Urban Sound Classification using Machine Learning


For the final project of BootCamp Data Analytics, we challenged ourselves to learn new area, 'Sound Classification' using machine learning. Wow, what a big terminology 'sound (audio)' or 'machine learning'. The left image is the wave form of 'dog-bark' sound. How to convert the analogue features to digital data, what features are unique for each sound? For the beginners like us, there were many questions. We, thankfully, found many sources of videos and articles, here we want to share them along with our experiments. For the python codes, inputs(csv files) for machine learning and presentation ppt, you can visit our github.

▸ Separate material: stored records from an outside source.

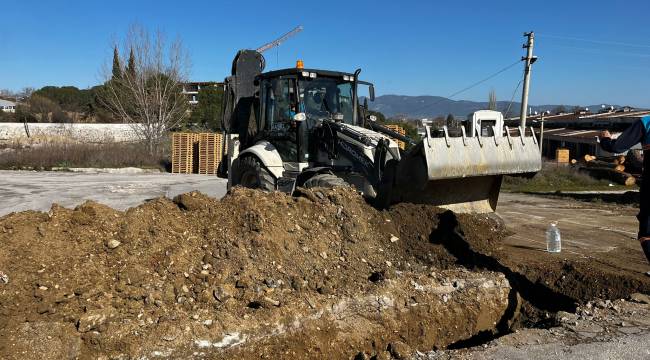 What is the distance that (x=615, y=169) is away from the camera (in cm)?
2017

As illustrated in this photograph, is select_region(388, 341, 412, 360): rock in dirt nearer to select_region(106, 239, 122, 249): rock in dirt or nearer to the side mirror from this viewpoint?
select_region(106, 239, 122, 249): rock in dirt

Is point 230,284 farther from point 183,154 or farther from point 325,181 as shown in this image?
point 183,154

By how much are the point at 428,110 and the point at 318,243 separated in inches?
2558

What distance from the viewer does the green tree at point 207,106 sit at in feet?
136

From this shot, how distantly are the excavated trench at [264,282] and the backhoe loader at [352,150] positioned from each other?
22.8 inches

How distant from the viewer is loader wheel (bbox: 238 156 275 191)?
8.41 metres

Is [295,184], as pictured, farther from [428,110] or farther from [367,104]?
[428,110]

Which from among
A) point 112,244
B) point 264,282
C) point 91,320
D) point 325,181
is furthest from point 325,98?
point 91,320

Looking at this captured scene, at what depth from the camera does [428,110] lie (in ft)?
225

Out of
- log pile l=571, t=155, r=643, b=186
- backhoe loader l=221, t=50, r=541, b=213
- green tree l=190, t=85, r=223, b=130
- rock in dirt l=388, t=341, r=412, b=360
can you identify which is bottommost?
rock in dirt l=388, t=341, r=412, b=360

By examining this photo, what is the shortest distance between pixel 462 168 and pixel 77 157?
2210 cm

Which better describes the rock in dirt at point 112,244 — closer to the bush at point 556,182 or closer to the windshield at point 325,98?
the windshield at point 325,98

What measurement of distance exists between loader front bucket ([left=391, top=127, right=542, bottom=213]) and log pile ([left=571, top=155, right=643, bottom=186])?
13083mm

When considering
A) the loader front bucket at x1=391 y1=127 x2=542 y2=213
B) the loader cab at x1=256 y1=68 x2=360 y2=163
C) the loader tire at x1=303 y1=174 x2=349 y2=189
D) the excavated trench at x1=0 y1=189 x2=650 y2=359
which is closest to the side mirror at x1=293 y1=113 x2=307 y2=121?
the loader cab at x1=256 y1=68 x2=360 y2=163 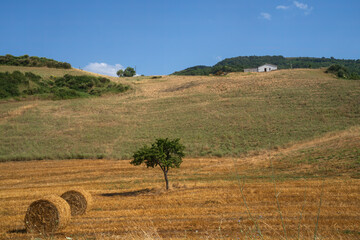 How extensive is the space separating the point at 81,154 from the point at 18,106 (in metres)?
29.9

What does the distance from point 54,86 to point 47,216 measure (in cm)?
7129

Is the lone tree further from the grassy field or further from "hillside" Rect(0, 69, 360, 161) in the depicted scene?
"hillside" Rect(0, 69, 360, 161)

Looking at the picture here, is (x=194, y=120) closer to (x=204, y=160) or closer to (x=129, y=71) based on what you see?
(x=204, y=160)

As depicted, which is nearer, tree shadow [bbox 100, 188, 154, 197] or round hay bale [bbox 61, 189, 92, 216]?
round hay bale [bbox 61, 189, 92, 216]

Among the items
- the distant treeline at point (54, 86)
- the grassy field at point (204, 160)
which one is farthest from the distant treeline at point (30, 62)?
the grassy field at point (204, 160)

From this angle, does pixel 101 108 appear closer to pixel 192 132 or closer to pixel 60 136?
pixel 60 136

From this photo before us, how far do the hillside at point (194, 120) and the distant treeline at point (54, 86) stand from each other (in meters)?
10.6

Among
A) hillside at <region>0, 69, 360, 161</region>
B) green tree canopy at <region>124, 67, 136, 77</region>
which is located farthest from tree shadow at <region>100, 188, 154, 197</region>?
green tree canopy at <region>124, 67, 136, 77</region>

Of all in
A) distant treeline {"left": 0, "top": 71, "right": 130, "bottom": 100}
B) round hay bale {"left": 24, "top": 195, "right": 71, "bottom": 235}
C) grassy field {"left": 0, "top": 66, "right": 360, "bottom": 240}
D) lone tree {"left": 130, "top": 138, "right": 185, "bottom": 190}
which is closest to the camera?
grassy field {"left": 0, "top": 66, "right": 360, "bottom": 240}

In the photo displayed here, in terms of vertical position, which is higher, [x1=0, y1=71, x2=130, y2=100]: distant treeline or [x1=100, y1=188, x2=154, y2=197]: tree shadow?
[x1=0, y1=71, x2=130, y2=100]: distant treeline

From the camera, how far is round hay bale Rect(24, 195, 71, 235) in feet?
31.1

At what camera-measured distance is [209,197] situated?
1298 centimetres

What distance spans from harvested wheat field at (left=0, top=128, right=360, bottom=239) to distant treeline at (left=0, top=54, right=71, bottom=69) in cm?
7418

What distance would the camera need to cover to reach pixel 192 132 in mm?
38156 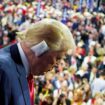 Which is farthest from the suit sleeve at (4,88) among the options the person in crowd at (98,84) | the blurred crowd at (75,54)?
the person in crowd at (98,84)

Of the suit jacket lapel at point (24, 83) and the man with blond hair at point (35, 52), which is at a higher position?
the man with blond hair at point (35, 52)

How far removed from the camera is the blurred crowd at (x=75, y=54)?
3502 mm

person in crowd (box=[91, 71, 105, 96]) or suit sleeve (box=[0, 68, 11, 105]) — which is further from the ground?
suit sleeve (box=[0, 68, 11, 105])

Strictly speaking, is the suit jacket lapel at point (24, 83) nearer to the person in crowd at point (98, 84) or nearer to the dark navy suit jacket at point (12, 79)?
the dark navy suit jacket at point (12, 79)

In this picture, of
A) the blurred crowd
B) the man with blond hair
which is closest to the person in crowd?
the blurred crowd

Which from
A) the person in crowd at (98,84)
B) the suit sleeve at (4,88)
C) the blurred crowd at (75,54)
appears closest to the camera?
the suit sleeve at (4,88)

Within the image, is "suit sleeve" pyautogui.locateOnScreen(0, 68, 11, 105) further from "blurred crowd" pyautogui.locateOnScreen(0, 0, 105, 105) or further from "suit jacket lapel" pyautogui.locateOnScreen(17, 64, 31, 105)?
"blurred crowd" pyautogui.locateOnScreen(0, 0, 105, 105)

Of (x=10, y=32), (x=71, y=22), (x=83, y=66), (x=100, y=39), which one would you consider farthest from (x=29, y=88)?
(x=10, y=32)

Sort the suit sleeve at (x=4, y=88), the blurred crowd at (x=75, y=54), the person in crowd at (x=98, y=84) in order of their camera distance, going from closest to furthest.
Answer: the suit sleeve at (x=4, y=88)
the person in crowd at (x=98, y=84)
the blurred crowd at (x=75, y=54)

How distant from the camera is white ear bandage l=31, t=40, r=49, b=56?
3.43 feet

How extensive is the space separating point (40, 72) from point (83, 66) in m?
2.85

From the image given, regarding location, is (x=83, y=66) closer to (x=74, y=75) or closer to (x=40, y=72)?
(x=74, y=75)

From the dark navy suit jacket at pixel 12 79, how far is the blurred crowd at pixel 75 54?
1.94 meters

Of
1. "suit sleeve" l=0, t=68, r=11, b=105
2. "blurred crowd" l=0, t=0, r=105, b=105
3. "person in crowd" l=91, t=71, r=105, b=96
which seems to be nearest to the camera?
"suit sleeve" l=0, t=68, r=11, b=105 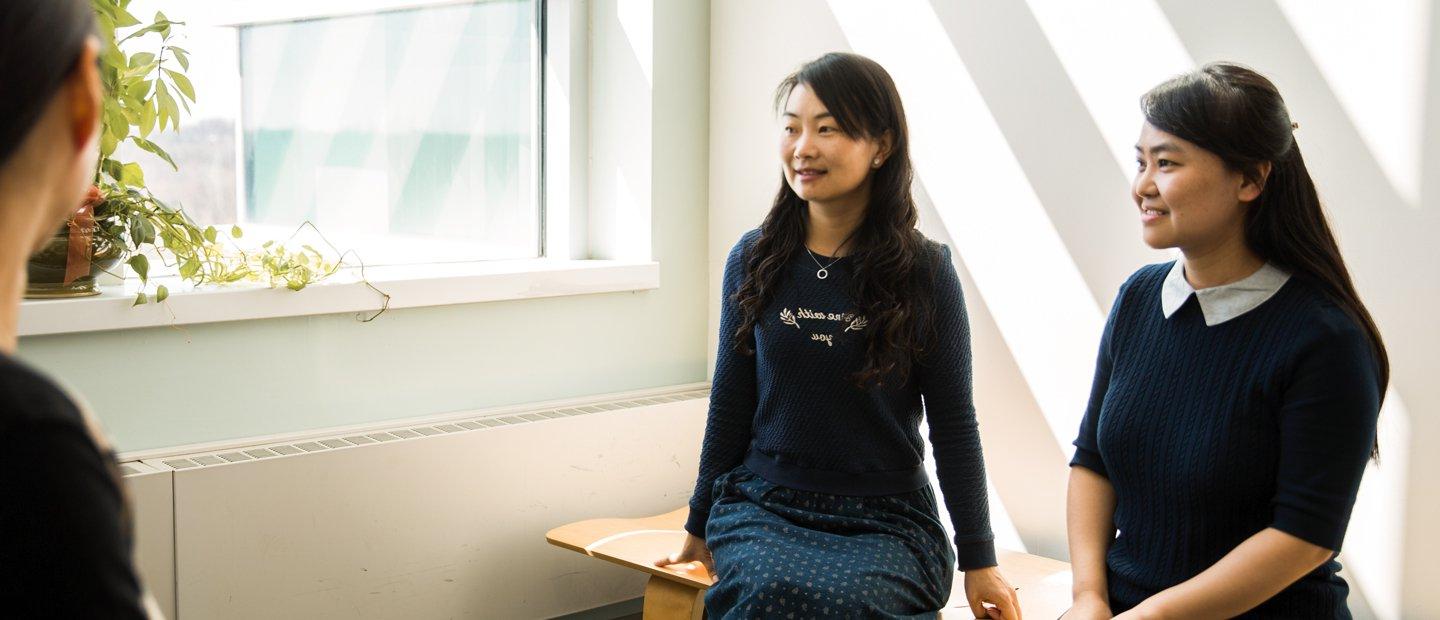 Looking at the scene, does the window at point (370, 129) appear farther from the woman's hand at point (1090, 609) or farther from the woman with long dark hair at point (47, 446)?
the woman with long dark hair at point (47, 446)

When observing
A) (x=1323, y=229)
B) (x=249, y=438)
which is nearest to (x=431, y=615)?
(x=249, y=438)

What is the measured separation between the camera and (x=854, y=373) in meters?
2.10

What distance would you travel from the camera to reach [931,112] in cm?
278

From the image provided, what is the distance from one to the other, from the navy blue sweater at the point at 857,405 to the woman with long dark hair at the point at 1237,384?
1.24 ft

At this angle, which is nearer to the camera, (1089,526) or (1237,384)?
(1237,384)

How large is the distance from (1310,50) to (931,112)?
82 cm

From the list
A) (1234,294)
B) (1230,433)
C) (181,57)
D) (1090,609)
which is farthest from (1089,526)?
(181,57)

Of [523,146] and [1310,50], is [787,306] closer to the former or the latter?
[1310,50]

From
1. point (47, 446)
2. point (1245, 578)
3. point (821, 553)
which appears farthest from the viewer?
point (821, 553)

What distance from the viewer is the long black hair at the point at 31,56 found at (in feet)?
2.18

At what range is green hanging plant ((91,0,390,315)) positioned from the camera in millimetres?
2328

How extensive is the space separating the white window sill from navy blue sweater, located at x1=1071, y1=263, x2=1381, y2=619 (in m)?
1.47

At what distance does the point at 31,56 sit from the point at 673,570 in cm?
181

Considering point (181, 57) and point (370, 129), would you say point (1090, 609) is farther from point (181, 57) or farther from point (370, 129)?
point (370, 129)
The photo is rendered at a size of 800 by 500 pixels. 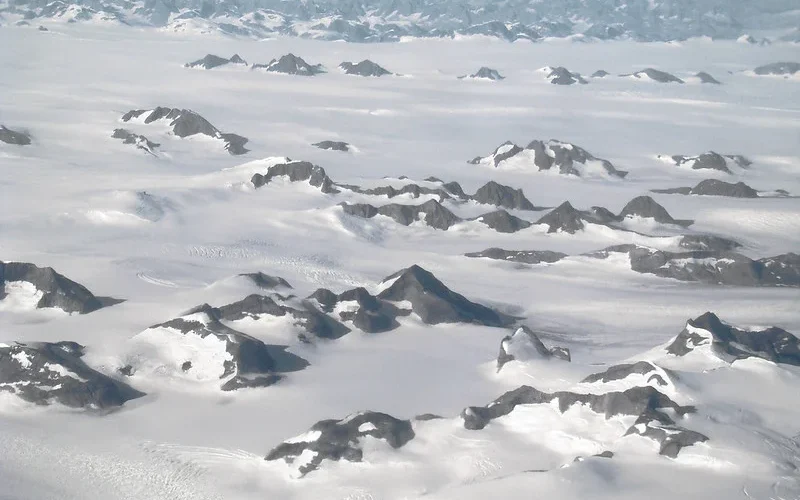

Team member: Niral Patel, Eunjeong Lee, Bill Pezzullo, Teshanee Williams, Abby Pearson

Dataset: UrbanSound8K

The Urban Sound Dataset was generated by Justin Salamon, Christopher Jacoby & Juan Pablo Bello, and the classification study was published at the 22nd ACM International Conference on Multimedia in 2014. The dataset has 8,732 labeled sound excerpts which are classified as 10 sounds: air conditioner, car horn, children playing, dog barking, drilling, engine idling, gun shot, jack hammer, sirens, and street music. The audio files are stored in 10 folders, the excerpts from same file are stored in same folder. For each floder and the class, according to the metadata, the count of classes in each folder is shown below. It shows they are not balanced. The authors recommend using 'cross-validation' instead of using shuffling such as train_test_split() method in sklearn. We explain this in Experiment page.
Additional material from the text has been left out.